# [Exercise]
The whole listing needs retyping exactly; keep the pictures out of it.

# [Recorded information]
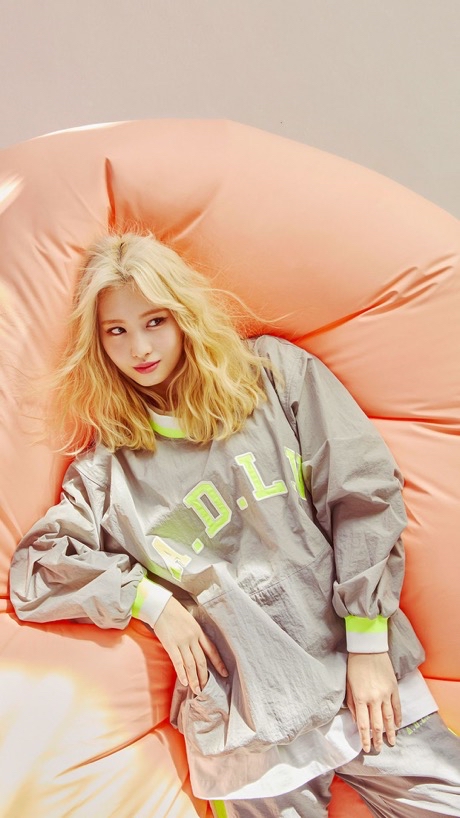 모모 (TWICE)의 비하인드 컷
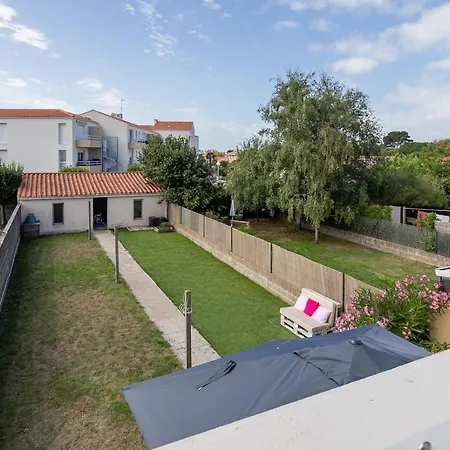 Des En Bord De Pour 10 Personnes Holiday home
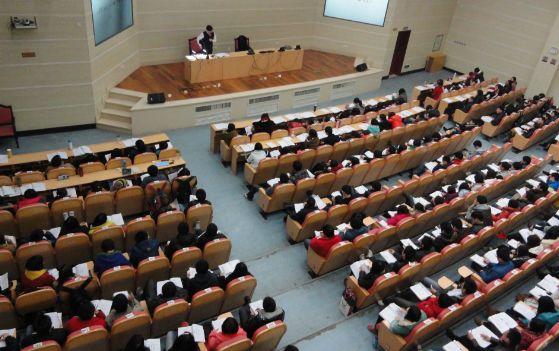 高校“婚姻恋爱学”成爆款？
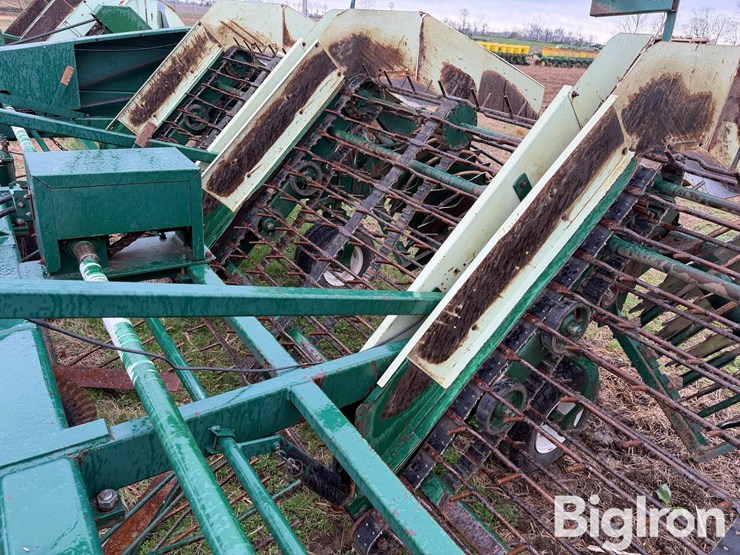 2012-kmc-6-30-peanut-digger-image-16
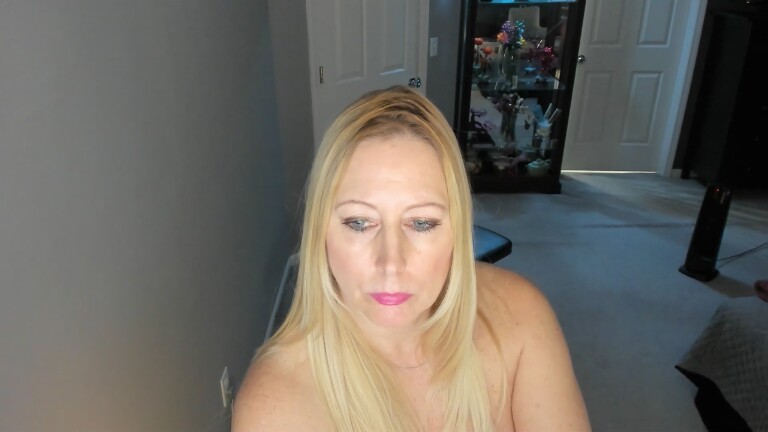 Brickbabe's Streamate show and profile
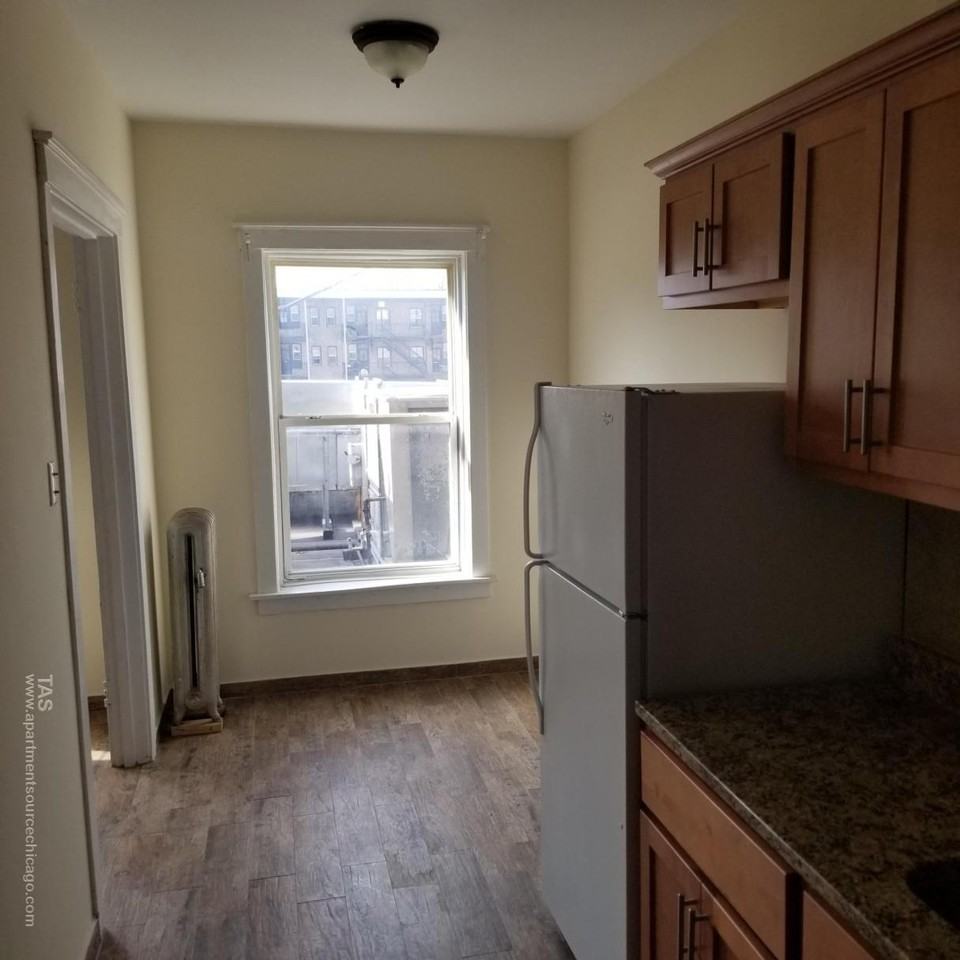 2712 N Milwaukee Ave #208 - Photo 3 of 7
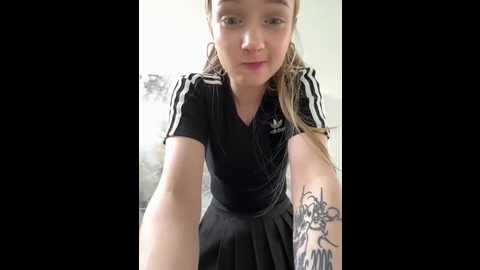 baby_tiny @ stripchat on 20250618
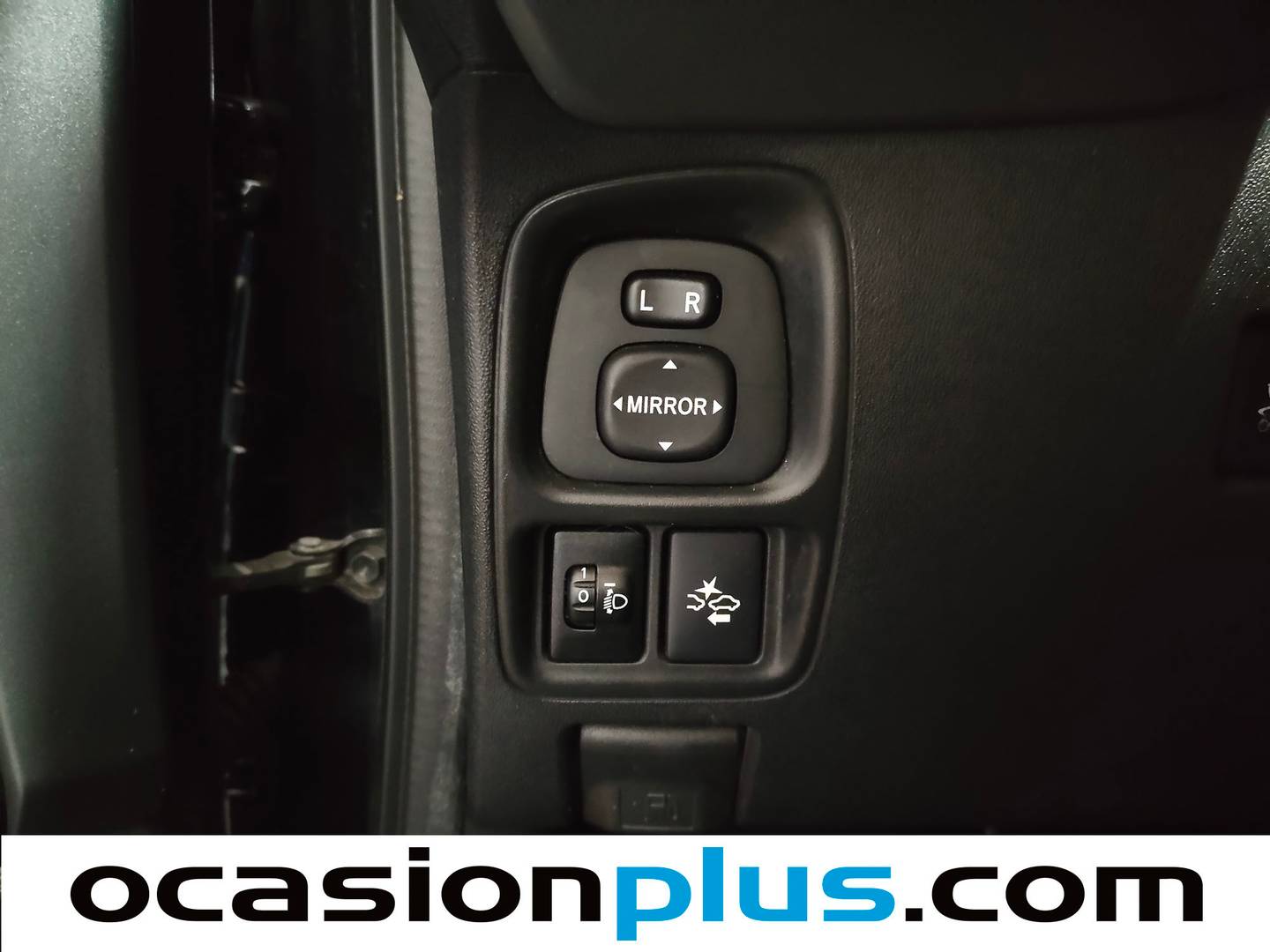 Acabados Toyota Aygo Toyota Aygo 1.0 VVT-i x-wave (72 CV)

# [Answer section]
 모모 (TWICE)의 비하인드 컷
 Des En Bord De Pour 10 Personnes Holiday home
 高校“婚姻恋爱学”成爆款？
 2012-kmc-6-30-peanut-digger-image-16
 Brickbabe's Streamate show and profile
 2712 N Milwaukee Ave #208 - Photo 3 of 7
 baby_tiny @ stripchat on 20250618
 Acabados Toyota Aygo Toyota Aygo 1.0 VVT-i x-wave (72 CV)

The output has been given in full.